# Natural consequence for throwing/dumping toys



## tooticky (Mar 30, 2006)

I am trying to incorporate more GD practices into my parenting style, but get stuck on a few things.

DS has a habit of walking up to his toy boxes and dumping the contents all over the floor. He is not doing that to play with them because after he dumps them he walks away.

He also throws toys a lot, sometimes in frustration and sometimes it seems just for fun.

To me it seems the natural consequence of dumping out toys is that there is a big mess, but it doesn't bother him - it bothers *me*! Is this something I just have to deal with because it is my issue, not his?

The natural consequence of throwing toys seems to be that something or someone *might* get hurt, but he has never observed this happen and I would hate to let it happen just so that he can see the consequence.
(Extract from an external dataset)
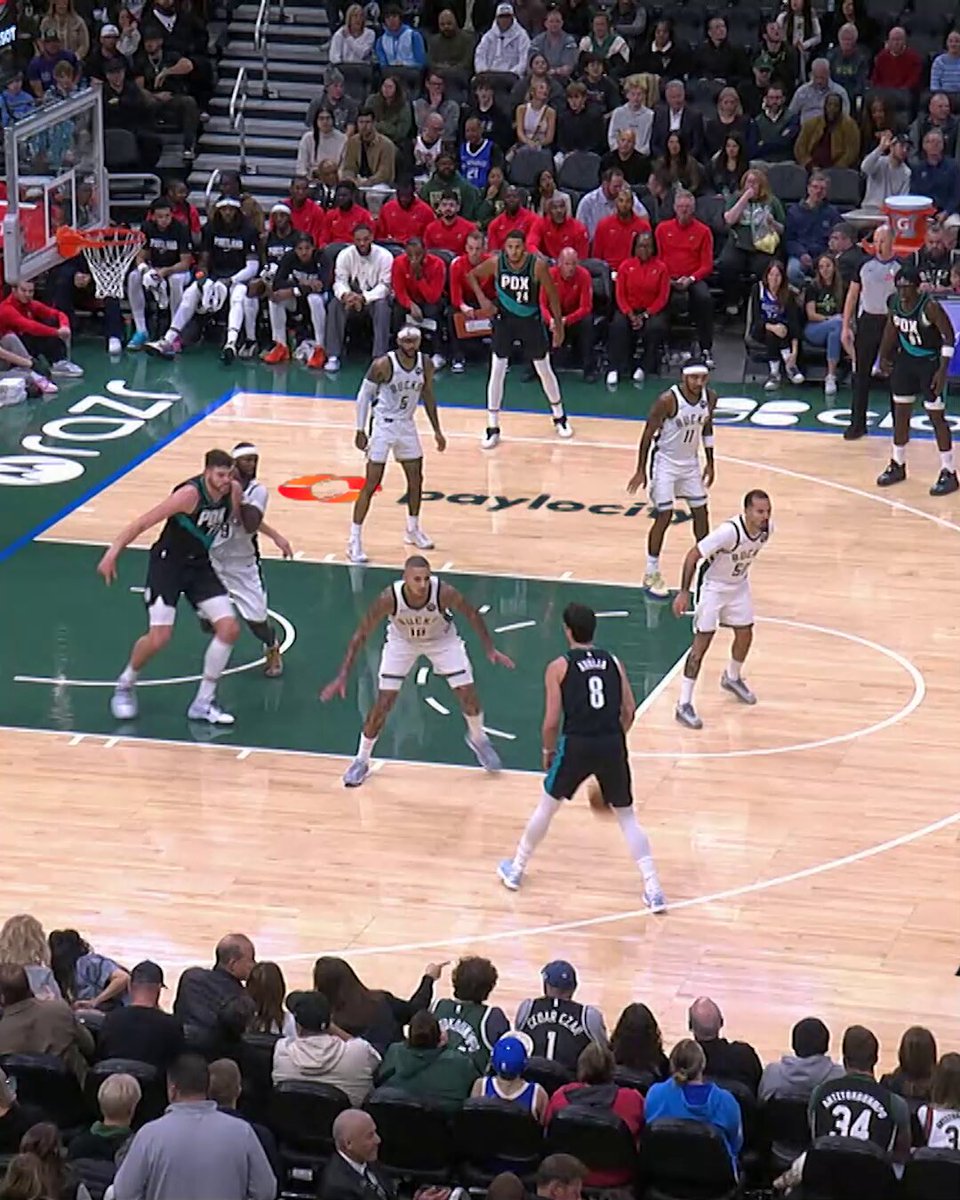 Deni is 3/4 from three tonight 😮‍💨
How do you teach a child not to throw?

In my baby-brained state (1 mo old dd) it's hard for me to work through these things! Any help and advice is much appreciated...

TIA


----------



## guest9921 (Nov 3, 2005)

Throwing toys are no longer accessible to DS. He throws them, I quietly put them up. Sometimes he protests, and we talk about not throwing toys.

Dumping toys?
Hah.
My DS LOVES to dump toys. We have his babybathtub (his boat, we call it) full of toys, and a toybox full of his dolls, animals, and whatnot. He has two big bags of blocks - and they're perpetually on the floor.
I pick them up twice a day, and twice a day he picks the bag up and dumps them out. Sometimes he'll stop to play, sometimes not.
I'm fine with it.
Then again, they're in an area thats not a walking path - and when they are picked up, I ask him to help me.
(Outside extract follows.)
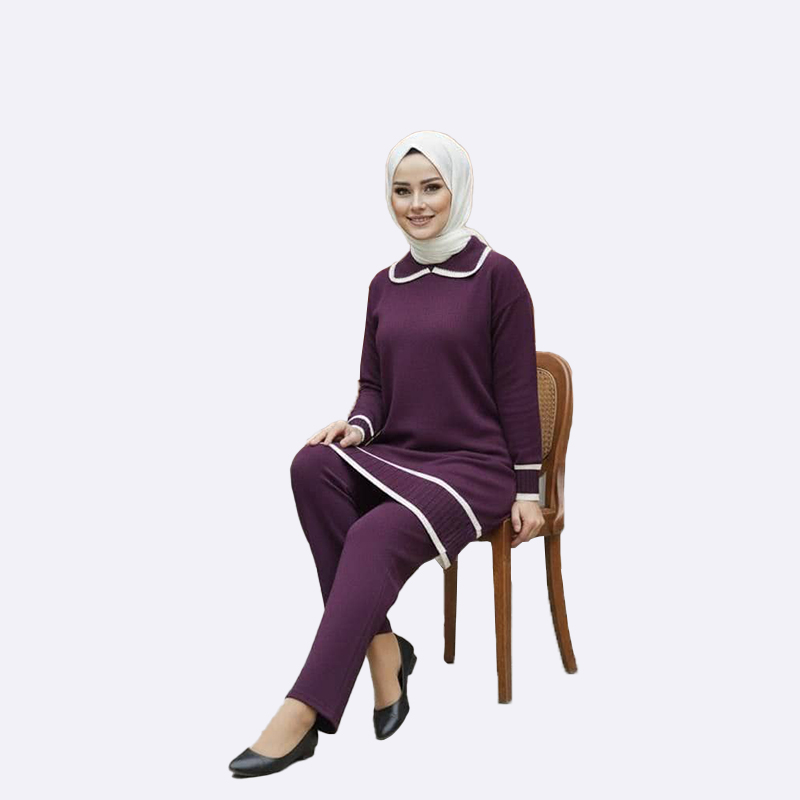 Elegant Women's Knit Top and Pants Set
[I'm also fine with clutter, so Im quite strange.]


----------



## tooticky (Mar 30, 2006)

Wow - you are indeed lucky that you don't mind clutter!







I'm totally crazy about avoiding it... Definitely an adjustment when kids enter the picture.

I am wondering how removing the toy is a natural consequence. It's my first instinct, but it seemed like an artificial consequence to me. Not that I have any other ideas!









Thanks for the reply...


----------



## chfriend (Aug 29, 2002)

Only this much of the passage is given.